The following is part of a series reflecting on the life of C.S. Lewis. This is accomplished by summarizing various events or happenings during his lifetime for the noted period and may include significant events related to him after his death.
Highlights for the final third of May (22nd – 31st) include: A prize-winning essay, his first Christian book that was his only true allegory and a Pentecost sermon.
Lewis’s first book after becoming a Christian was very different in several ways than his two previous works. Those initial titles were poetry, while The Pilgrim’s Regress: An Allegorical Apology for Christianity, Reason and Romanticism, publishedon the 25th in 1933 was his debut prose effort. Additionally, the story was pure allegory.

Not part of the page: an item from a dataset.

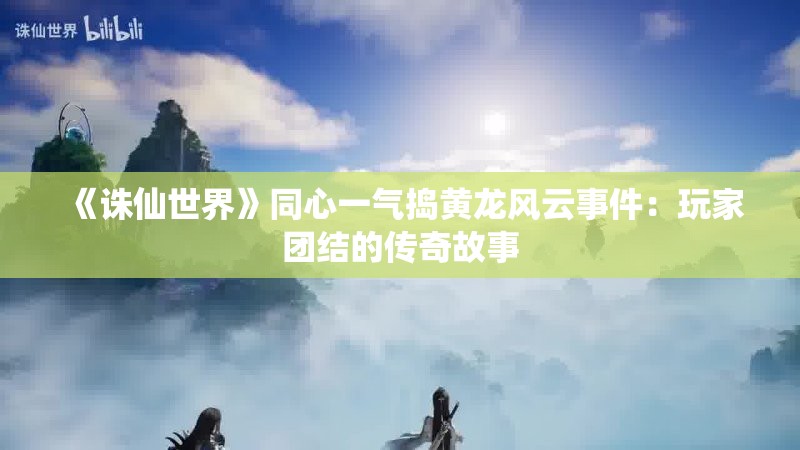 《诛仙世界》同心一气捣黄龙风云事件：玩家团结的传奇故事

Interestingly, it was such a difficult read that Lewis himself even admitted it and ten years after its release he wrote a preface to explain his approach to the story.
At a much earlier age, however, Lewis attempted to tell stories. He was not yet ten years old when he started and his brother, Warnie was also writing them. They were about Lewis’s Animal Land and Warnie’s creation called India. They combined them to create a placed called “Boxen.” These creative writings were never published during their lifetime. However, on the 28th in 1985 they were first published in hardback as Boxen: The Imaginary World of the Young C.S. Lewis. It was later republished as Boxen: Childhood Chronicles Before Narniain 2008. This later title lists Warnie as the co-author while the initial release does not. It’s impossible to summarize them in this brief essay, but one important point to note is that the writing style is not at all like the Narnia stories.
Speaking of a young Lewis, on the 24th in 1921 it was announced by the University of Oxford that he had won the Chancellor’s English Essay Prize on “Optimism.” The topic wasn’t selected by Lewis, but it was set by the contest, which was an annual event for undergraduates. Winning it was very important to Lewis at the time, for he was four years away from his permanent full-time position at Oxford. He saw the honor as something that would gain him much needed recognition. No copy of it has survived, but we know from a letter that Lewis wrote to his father in late March that year that it was almost 11,000 words. We also know from a letter he wrote to his brother, Warnie, that he “dealt with the difficulty of ‘God or no God'” and that it didn’t really matter to him at this time if there was a God. He won £20 for this piece.
“Transposition” was first the title of a sermon Lewis preached on the Feast of Pentecost on the 28th in 1944 at the chapel of Mansfield College, Oxford. The text was later included in Transposition and other Addresses in 1949 (as published in the U.K.; the title in the U.S. was The Weight of Glory). When first preached Lewis almost didn’t complete it. During it he stopped and was reported to say “I’m sorry” and then he stepped away from the pulpit. A brief time later he returned and completed it. Current editions of The Weight of Glory contained a slightly revised version of the message that Lewis first added before the text was included in the 1962 book They Asked for a Paper.
There are several shorter works either published during this final third, or happen during the month of May.On the 23rd in 1941 the fourth Screwtape Letter was published in The Guardian. The opening paragraph from the “affectionate uncle” sets the topic, “the painful subject of prayer.” The letter details various methods demons can use to make prayers less effective, including “a subtler misdirection” by trying to get Wormword’s patient to try to produce the feelings he is trying to pray for. Interestingly prayer is the topic for an essay, “Work and Prayer,” published in The Coventry Evening Telegraph on the 28th in 1945. It is best found in God in the Dock. While a short essay (taking less than five minutes to read), Lewis manages (not surprisingly) to tackle complex aspects of prayer and bring great clarity. Printed in a mainstream publication, the article has an apologetic sound to it, though Lewis obviously is trying to help believers who struggle with the subject.
For the fifth letter from Screwtape released in The Guardian on the 30th in 1941 we learn further how ill equipped Wormwood is. He mistakenly believes that a war means he has an easy road ahead because it creates fear into most humans. Screwtape advises him to consider “how to use, than how to enjoy” a time of war. A key reason is because people serving in a war go there knowing they may be killed…thus “contended worldliness,” which is among the “best weapons” the devils have is made ineffective.
“Different Tastes in Literature” was originally a “Notes on the Way” column in Time and Tide that was first in two parts. While combined when reprinted in On Stories, it was initially in their May 25 and June 1, 1946 issues. The May, 1935 issue of a monthly periodical called Lysistrata. contained “A Metrical Suggestion,” which was retitled “The Alliterative Metre” when republished later in Rehabilitations. It is also available in Selected Literary Essays.
The final standout event happened on the 31st in 1951. Lewis was having dinner with Roger Lancelyn Green and it was on this occasion that he asked him to be his biographer. While Green did produce a monograph that released the same year Lewis died in 1963 (and Lewis read an advance copy of that work), it was not until 1974 that Green completed a biography on Lewis. C.S. Lewis: A Biography was co-authored by Walter Hooper. A revised edition of the book was released in 1994.